Similar to Balfe, the 18 year-old grade 13 import also would find basketball offered among the sporting smorgasbord that she enjoyed in her youth, an accomplished downhill skier and multi-sport athlete.

“My parents would throw me into different sports and one summer, they signed me up for a high performance basketball camp,” she said. “The club coach (Thunder Bay Jr Wolves) saw that I was just really enjoying it and was having fun playing basketball. I kind of understood the concepts of the game as well, for as much as I could at a young age.”

If she was to pursue post-secondary basketball as a dream, Chow understood that there was a need to diversify her game. “My main thing has always been as a driver, making moves in the paint and finishing at the rim,” she said. “I’ve never been much of a shooter.”

“Coach Bourget has worked a lot on my form and it’s gotten a lot better; I’ve gotten a lot more confident. My release point was bad – I had a really flat shot. I had no arc before. My release point was really low and I also didn’t straighten my arm, which caused me to be very inconsistent.”

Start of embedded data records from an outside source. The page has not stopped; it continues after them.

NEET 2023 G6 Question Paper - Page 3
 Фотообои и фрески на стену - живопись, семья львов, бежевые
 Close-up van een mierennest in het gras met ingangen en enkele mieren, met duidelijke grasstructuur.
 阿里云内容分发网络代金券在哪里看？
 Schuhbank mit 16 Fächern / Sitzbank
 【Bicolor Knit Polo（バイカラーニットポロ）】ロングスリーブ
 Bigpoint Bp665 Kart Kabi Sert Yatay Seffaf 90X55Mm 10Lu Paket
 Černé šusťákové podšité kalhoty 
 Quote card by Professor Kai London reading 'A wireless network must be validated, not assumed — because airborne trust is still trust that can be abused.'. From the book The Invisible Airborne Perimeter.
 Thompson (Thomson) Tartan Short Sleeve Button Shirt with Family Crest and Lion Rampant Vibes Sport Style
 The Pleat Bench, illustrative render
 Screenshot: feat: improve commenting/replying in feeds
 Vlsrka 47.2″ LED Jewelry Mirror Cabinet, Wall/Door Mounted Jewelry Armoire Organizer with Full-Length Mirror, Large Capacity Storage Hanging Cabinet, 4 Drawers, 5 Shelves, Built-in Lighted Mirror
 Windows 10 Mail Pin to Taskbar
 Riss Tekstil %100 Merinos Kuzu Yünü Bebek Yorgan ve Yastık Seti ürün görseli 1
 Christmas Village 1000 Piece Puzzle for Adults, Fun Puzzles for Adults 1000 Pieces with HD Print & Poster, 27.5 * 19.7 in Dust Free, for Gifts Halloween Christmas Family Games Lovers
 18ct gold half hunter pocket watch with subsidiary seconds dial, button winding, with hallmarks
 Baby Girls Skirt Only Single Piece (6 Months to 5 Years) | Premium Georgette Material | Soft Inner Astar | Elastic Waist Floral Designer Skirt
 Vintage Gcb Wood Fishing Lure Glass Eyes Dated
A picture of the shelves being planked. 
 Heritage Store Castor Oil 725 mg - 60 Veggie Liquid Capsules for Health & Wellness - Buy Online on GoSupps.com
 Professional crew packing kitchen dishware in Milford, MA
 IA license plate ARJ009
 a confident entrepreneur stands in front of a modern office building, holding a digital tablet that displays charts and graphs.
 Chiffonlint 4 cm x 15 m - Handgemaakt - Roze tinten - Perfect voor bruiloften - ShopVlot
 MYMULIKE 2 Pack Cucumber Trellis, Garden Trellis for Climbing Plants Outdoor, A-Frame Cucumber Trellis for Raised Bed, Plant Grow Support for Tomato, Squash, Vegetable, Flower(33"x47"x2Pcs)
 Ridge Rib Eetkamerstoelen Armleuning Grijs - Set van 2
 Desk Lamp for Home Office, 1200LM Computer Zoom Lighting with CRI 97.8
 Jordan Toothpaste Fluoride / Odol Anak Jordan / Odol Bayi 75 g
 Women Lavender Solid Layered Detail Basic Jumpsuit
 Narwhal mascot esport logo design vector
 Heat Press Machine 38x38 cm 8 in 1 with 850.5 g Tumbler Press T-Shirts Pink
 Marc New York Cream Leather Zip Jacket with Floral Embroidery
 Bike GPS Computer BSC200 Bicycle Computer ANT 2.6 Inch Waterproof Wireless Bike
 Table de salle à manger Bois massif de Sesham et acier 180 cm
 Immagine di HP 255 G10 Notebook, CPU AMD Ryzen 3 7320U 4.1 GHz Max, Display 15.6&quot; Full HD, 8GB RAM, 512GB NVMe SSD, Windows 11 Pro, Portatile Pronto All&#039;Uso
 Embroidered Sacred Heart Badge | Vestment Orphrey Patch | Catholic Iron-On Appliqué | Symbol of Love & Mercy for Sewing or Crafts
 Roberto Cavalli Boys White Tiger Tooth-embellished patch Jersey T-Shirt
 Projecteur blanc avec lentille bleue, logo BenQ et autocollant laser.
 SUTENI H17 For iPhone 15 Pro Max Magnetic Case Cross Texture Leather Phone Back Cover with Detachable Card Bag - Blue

“I’ve been working on getting it higher and along with having a higher release point, my arms has kind of fixed itself.”

For as much as her previous coaches could work on skill development until the cows come home, there was a need to Chow to experience a much greater push in game situations. “It’s all about playing at a higher level, playing with a lot of players who are good,” she said. “I didn’t get a lot of that before.”

“The competitive level, even at our practices, is really good. I honestly didn’t know what a prep team was until last year.”

Slowly, very slowly, the word is getting out, right across the north.

The balance of the 2023-2024 Lo-Ellen Park Prep roster includes recent Queen’s Gaels commit Bree Bourget as well as Kami Dreger, Kaitlyn McMillan, Cadence Pecore, Marlie Hayle, Kyla Viotto, Kiersten Goudreau, Sidney Skrobot and junior Sarah Guignard as well as assistant coach Dawn Russell.

The Lo-Ellen Jr Prep Knights roster is comprised of Sophie Miller, Allessia Vallilee, Michaela Tripp, Kaylee Prevost-Patterson, Lennex Belair, Annick Gilbert, Zayda Paris, Sofie Lafond, Jacqueline Tissot van Patot, Ellie Sauve, Mattia Mullen, Sunny Dunlop, head coach Lisa Carruthers and assistant coach Chris Miller.